Segment Open

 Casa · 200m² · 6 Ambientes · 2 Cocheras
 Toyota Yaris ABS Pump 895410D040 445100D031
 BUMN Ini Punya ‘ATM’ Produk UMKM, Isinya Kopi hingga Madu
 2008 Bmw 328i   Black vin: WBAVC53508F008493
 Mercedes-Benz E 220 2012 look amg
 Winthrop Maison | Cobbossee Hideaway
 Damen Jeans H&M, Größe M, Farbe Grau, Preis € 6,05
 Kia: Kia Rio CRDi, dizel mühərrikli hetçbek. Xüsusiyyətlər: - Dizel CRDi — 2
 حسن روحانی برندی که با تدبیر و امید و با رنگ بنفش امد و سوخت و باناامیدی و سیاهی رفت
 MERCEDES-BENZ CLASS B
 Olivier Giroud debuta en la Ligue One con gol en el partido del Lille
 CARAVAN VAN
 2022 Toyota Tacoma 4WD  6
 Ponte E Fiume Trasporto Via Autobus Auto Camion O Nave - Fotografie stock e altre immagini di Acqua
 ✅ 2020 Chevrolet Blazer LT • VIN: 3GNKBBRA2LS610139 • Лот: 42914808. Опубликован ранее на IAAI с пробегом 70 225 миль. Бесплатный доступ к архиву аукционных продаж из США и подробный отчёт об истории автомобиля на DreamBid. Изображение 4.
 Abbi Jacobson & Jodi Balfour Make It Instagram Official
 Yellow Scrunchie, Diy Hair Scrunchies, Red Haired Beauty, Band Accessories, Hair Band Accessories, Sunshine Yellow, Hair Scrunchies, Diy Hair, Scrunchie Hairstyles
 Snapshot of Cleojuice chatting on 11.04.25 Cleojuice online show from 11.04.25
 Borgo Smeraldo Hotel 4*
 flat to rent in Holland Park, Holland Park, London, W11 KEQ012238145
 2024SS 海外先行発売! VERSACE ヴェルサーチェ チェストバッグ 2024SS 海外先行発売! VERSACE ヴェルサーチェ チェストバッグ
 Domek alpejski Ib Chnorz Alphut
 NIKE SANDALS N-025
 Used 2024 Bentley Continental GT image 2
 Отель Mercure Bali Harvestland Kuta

Segment Closed

■ YOUR INSTRUCTIONS
Your task is to reproduce exactly the lines that begin with the one containing "Domek alpejski Ib Chnorz Alphut" and continue to the end of the data, both ends included.

■ PROBLEM SOLUTION
 Domek alpejski Ib Chnorz Alphut
 NIKE SANDALS N-025
 Used 2024 Bentley Continental GT image 2
 Отель Mercure Bali Harvestland Kuta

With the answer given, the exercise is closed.